I don't even think this is necessarily a systemic problem for Alain Vigneault; Nash, Martin St. Louis, Chris Kreider, and the other guys who are supposed to drive the Ranger offense are getting to the net pretty effectively, and just running into a damn brick wall. What's wrong is the Caps are blocking a lot of shots and Braden Holtby has been well beyond great (a bananas .961 at 5-on-5), and Henrik Lundqvist has merely been really great (.939).

NHL
NHL

The Rangers have attempted 224 shots in this series at 5-on-5 — the most of any second-round team by a wide margin — and just three of them have gotten by Holtby. As you can see above, it's not for lack of trying or an inability to get into high-percentage areas. Sometimes you just face a white-hot goalie.

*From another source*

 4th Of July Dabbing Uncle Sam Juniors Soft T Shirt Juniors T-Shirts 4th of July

As for Anaheim and Calgary, no one was ever going into this under the illusion that the Flames were looking at a series they “should win.” They're not very good — and advanced this far by playing the third-worst team in these playoffs — and only won Game 3 because of a bizarre set of unrepeatable circumstances. They are otherwise being systematically picked apart by what is clearly the best Ducks team since they won the Cup. At 5-on-5, Calgary is being outscored 9-2, and it's still 12-5 overall even after the four-goal Game 3. This is no accident.

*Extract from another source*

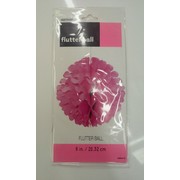 Hot Pink Flutter Ball Decoration 20cm Pk 1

And really, if you'd said before the playoffs started that we'd be looking at probable Conference Finals featuring Chicago vs. Anaheim and Tampa vs. Washington, I don't think anyone could have really looked at you too sideways about it. These are teams that could have very plausibly made it that far, and their chances to do so were far less reliant on luck than most other clubs.

You have to say it all time and again, but this stuff matters, a lot.

Maybe it seems overly simplistic to just say that the better teams are winning their series because they're better, but it really does appears as though that's what's happening here. High percentages come back down, and teams that proved all year they can keep the puck in the other team's end eventually win. That's not 100 percent reliable, as the first round showed repeatedly, but it's the case far more often than not.